- THE PROBLEM: If a line below contains the word "logo", count it; give only the total.

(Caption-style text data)

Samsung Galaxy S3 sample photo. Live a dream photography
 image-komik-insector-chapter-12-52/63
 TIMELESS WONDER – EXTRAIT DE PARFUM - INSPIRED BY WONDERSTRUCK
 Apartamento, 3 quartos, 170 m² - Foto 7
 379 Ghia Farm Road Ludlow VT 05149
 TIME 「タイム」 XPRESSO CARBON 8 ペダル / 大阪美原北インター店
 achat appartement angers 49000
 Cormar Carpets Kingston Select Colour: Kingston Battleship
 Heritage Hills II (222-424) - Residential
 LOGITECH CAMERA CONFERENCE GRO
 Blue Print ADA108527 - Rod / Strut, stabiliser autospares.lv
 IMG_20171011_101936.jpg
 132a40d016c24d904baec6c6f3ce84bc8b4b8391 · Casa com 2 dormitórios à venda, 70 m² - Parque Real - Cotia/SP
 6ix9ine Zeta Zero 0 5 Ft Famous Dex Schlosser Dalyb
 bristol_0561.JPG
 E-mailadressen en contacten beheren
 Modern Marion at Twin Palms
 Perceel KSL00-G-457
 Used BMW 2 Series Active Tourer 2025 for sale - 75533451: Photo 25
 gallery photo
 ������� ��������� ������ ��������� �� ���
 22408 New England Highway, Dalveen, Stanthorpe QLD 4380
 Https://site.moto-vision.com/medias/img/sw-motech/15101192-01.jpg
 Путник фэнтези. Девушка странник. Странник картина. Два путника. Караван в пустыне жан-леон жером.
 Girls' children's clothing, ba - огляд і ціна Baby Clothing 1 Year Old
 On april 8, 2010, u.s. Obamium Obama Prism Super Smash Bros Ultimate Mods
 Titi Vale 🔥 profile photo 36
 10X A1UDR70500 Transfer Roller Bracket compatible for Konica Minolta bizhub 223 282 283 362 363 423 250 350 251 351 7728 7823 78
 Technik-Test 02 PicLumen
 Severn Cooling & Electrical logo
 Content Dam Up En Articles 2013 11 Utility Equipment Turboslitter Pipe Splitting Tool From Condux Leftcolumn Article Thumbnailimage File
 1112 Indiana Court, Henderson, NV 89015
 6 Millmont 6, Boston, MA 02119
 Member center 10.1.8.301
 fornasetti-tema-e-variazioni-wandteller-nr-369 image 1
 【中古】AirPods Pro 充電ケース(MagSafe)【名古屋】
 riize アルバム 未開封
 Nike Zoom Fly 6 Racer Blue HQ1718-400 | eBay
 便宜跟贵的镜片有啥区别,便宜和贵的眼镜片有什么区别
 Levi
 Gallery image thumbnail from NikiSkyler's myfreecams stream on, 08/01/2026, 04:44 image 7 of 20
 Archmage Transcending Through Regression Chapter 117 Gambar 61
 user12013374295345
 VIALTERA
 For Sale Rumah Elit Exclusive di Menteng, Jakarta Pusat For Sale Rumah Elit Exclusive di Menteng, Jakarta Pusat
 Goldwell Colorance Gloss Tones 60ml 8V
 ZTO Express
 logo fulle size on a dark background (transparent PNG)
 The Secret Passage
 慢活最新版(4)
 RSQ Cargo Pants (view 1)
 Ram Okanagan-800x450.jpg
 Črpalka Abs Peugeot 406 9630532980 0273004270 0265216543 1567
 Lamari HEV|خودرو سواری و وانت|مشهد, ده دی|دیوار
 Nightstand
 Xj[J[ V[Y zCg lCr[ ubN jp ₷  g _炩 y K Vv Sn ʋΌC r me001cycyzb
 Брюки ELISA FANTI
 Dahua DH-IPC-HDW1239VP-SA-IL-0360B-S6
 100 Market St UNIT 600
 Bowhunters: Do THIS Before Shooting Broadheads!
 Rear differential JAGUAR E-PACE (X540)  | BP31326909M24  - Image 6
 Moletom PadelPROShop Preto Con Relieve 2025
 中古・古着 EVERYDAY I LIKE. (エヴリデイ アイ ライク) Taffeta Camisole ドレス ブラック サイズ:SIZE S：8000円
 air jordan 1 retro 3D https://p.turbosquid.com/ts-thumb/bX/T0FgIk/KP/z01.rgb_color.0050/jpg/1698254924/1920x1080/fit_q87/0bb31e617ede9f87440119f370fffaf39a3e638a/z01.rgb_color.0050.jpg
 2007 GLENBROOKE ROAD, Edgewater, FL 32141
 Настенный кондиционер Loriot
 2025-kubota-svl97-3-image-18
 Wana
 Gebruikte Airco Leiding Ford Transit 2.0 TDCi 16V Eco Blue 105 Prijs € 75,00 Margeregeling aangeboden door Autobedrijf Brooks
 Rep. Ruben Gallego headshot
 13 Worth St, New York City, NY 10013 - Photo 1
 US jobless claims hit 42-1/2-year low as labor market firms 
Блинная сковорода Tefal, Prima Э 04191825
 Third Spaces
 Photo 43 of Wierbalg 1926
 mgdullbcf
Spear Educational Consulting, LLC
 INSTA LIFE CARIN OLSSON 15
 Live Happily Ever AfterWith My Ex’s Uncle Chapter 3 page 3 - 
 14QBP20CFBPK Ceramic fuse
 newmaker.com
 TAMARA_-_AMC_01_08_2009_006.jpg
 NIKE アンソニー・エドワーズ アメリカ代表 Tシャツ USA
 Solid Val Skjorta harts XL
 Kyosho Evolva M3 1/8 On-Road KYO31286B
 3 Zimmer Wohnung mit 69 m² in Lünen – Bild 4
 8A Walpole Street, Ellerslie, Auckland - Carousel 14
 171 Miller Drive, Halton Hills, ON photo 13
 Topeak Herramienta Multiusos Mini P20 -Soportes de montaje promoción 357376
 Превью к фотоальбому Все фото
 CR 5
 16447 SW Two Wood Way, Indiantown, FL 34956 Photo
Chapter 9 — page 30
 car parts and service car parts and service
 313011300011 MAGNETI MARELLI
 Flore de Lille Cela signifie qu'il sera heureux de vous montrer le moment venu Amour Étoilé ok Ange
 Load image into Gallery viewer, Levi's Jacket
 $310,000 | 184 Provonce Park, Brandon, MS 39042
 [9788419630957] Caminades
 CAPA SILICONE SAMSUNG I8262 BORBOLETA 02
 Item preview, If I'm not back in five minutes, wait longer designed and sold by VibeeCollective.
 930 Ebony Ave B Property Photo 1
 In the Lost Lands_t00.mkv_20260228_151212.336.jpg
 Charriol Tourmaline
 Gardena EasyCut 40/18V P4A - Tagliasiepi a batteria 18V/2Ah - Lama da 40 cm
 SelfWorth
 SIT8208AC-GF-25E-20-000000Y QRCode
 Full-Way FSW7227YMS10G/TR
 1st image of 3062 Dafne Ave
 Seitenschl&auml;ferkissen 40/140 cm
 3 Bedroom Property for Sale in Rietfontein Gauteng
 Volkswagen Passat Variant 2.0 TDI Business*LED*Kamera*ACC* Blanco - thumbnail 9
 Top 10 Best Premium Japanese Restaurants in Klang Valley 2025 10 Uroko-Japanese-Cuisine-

- SOLUTION TO THIS EXERCISE: 2